Il était chanoine de Paris, évêque-comte de Lisieux (1505-1539), abbé du Bec, vicaire général de l'Évêché d’Evreux, trente-septième abbé du Mont Saint-Michel (1524-1539), grand aumônier de France (1526-1543) et cardinal (1533-1543).

Il est généralement appelé le cardinal Le Veneur mais on le trouve parfois aussi désigné comme le cardinal de Lisieux ou encore le cardinal de Tillières[1].

Il portait pour armoiries : d’argent à la bande d’azur chargée de trois sautoirs d’or, qui sont les armes de la famille Le Veneur de Tillières.

Sommaire

Biographie

Évêque-comte de Lisieux

Jean le Veneur naquit vers 1473 de l'union de Philippe le Veneur, baron de Tillières, du Homme et du Valquier, avec Marie Blosset, fille de Guillaume, seigneur de Saint-Pierre et de Carrouges.

Il était chanoine de Paris, archidiacre de l'église de Lisieux et abbé de Saint-Grestain lorsque, au décès de son oncle Etienne Blosset, évêque de Lisieux, le 2 octobre 1505, il fut à son tour fait évêque et comte de Lisieux et abbé du Bec.
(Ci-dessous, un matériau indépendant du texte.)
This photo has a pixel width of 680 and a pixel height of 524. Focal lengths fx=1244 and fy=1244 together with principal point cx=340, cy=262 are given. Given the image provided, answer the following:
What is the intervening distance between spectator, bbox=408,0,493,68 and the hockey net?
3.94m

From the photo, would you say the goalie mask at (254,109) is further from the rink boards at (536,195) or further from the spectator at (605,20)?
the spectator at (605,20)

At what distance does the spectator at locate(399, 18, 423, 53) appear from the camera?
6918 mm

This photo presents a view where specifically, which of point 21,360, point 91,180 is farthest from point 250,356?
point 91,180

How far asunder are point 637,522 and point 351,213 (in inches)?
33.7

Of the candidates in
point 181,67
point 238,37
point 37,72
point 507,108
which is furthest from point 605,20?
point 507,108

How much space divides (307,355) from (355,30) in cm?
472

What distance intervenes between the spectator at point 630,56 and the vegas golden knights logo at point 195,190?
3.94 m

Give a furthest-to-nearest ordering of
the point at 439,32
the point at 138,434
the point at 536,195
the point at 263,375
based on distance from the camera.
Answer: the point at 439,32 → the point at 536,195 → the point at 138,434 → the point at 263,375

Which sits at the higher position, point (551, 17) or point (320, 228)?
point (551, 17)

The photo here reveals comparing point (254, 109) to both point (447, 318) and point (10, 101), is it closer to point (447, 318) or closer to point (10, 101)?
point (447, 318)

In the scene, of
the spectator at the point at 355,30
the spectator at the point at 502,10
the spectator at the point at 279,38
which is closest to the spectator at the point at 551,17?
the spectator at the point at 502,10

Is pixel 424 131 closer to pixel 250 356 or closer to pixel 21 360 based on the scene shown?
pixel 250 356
Il fit beaucoup de bien à son église de Lisieux, dont il demeura évêque jusqu'en 1539, date à laquelle il se démit de son évêché au profit de son cousin germain, du côté de sa mère, le futur cardinal Jacques d'Annebault.
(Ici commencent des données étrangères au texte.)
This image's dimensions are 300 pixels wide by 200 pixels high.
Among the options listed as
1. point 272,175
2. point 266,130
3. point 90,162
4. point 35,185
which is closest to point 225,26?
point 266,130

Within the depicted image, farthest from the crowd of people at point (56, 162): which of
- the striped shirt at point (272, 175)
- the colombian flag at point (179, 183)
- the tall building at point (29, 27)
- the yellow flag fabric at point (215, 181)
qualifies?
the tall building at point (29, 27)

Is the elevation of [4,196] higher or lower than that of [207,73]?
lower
Son frère Ambroise le Veneur fut élu évêque d'Evreux en 1513, de même que son neveu Gabriel le Veneur en 1521.

Membre du Conseil royal à partir de 1516[2], il assiste au couronnement de la reine Claude en 1517. François Ier obtint qu'il soit élu abbé du Mont Saint-Michel en 1524.

Jean le Veneur devint également lieutenant général au gouvernement de Normandie par lettres du duc d'Alençon le 4 mars 1525.

Il fut l'un des négociateurs du traité de Madrid de 1526.

Grand aumônier de France et cardinal

François Ier le nomma grand aumônier de France en 1526. C'est à ce titre qu'il réforma les statuts de l'hôpital des Quinze-Vingts à Paris.

En sa double qualité d'abbé du Mont Saint-Michel et de grand aumônier de France, il présenta et recommanda Jacques Cartier à François Ier à l'occasion d'un pèlerinage que le roi fit à la l'abbaye du Mont Saint-Michel le 8 mai 1532. Tenant la promesse qu'il avait faite au roi à cette occasion, Jean le Veneur participa de ses deniers aux frais du voyage de Jacques Cartier au futur Canada et fournit les aumôniers du voyage parmi les moines de l'abbaye du Mont Saint-Michel.

Il fut créé cardinal du titre de Saint-Barthélémy en l'Île[3] le 5 novembre 1533 à Marseille par le pape Clément VII.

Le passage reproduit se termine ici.